GIVEN RECORDS →
○ ○ ○ ○

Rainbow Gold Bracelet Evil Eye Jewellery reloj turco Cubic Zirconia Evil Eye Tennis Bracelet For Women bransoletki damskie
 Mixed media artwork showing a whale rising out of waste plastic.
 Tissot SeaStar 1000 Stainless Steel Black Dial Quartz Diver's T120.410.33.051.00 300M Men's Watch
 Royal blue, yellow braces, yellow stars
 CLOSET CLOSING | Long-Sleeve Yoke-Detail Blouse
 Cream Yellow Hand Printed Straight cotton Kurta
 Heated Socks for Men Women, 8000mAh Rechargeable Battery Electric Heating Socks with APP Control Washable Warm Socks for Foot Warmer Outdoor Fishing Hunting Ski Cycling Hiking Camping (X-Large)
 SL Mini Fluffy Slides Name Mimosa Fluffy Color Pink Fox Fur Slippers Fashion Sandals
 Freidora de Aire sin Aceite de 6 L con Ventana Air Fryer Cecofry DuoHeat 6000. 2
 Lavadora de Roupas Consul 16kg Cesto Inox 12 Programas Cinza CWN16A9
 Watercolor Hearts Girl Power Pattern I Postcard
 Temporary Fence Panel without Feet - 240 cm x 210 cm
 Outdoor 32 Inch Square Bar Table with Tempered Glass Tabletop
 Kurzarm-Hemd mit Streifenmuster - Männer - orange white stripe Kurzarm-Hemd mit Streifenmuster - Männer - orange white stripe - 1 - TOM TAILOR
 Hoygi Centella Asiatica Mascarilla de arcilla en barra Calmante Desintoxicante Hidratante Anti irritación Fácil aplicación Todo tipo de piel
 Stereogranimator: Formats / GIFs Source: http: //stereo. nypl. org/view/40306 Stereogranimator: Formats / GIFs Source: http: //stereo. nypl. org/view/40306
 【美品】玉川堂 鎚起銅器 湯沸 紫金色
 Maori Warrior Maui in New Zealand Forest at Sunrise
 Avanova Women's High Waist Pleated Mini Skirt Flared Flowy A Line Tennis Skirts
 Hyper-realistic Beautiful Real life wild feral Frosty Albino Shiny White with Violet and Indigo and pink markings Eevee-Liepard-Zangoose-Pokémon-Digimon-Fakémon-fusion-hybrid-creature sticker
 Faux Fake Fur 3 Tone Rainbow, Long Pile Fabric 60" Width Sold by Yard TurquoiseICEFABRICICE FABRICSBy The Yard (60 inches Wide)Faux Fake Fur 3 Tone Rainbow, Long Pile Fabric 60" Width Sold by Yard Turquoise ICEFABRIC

○ ○ ○ ○

ASSIGNMENT → Lines in the data that hold "Outdoor" must be located and copied.

EXPECTED ANSWER →
 Heated Socks for Men Women, 8000mAh Rechargeable Battery Electric Heating Socks with APP Control Washable Warm Socks for Foot Warmer Outdoor Fishing Hunting Ski Cycling Hiking Camping (X-Large)
 Outdoor 32 Inch Square Bar Table with Tempered Glass Tabletop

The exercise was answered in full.